Edinburgh-based start-up Celtic Renewables Ltd., has found a use for whisky residue. They say it can fuel cars.
Celtic Renewables Ltd. partnered with Tullibardine Distillery in Perthshire Scotland to produce the new power source for cars. The biofuel was in fact created with draff and pot ale. Draff is the sugar-rich kernels of barley that are used to create whisky and pot ale is the copper-containing yeasty liquid left behind after the whisky has been distilled. The fuel created is called biobutanol and can be used as a direct replacement for petrol and diesel. Celtic Renewables claims no engine modification is needed to run a vehicle on biobutanol.

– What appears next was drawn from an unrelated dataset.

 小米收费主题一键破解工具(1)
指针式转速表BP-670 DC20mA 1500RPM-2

Scotland’s malt whisky industry produces approximately 750,000 tons of draff and two billion liters of pot ale. Tullibardine Distillery can produce 6,500 tonnes of that draff and two million litres of pot ale. Before being given the opportunity to produce fuel with whisky waste, it was spread on agricultural fields, turned into animal feed, or safely discharged in the sea under license; a disposal process that comes with high costs. Celtic Renewables hopes to expand and repurpose Scotland’s large supply of whisky waste to create a renewable fuel source.

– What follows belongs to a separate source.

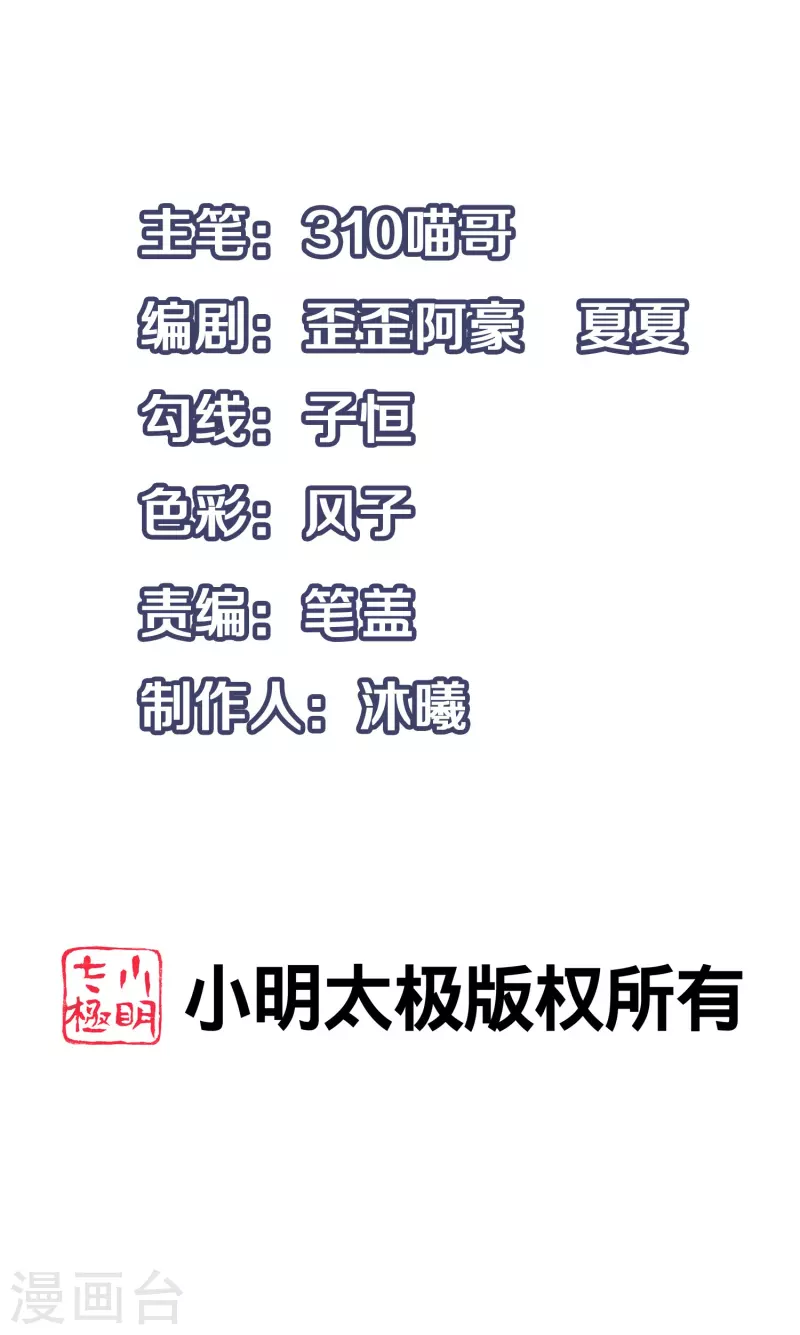 🍘无敌学霸系统 第216话 全靠校长您英明领导 第1页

Producing biobutanol is supported by ministers who believe it can help the Scottish Government achieve its target of reducing carbon emissions by 42 percent by 2020, as well as the European Union mandated biofuel target of 10 percent by 2020. It has already been backed by a grant of over $250,000 from Zero Waste Scotland.
Celtic Renewables is actually a spin-off company from the Biofuel Research Centre at Edinburgh Napier University. Founder and president, professor Marti Tangney recently told Technology Insider, “This is the first time in history that a car has ever been driven with a biofuel produced from whisky production residues. It is fitting to do this historic drive in Scotland, which is famous not just for its world renowned whisky but also for being a powerhouse for renewable energy.”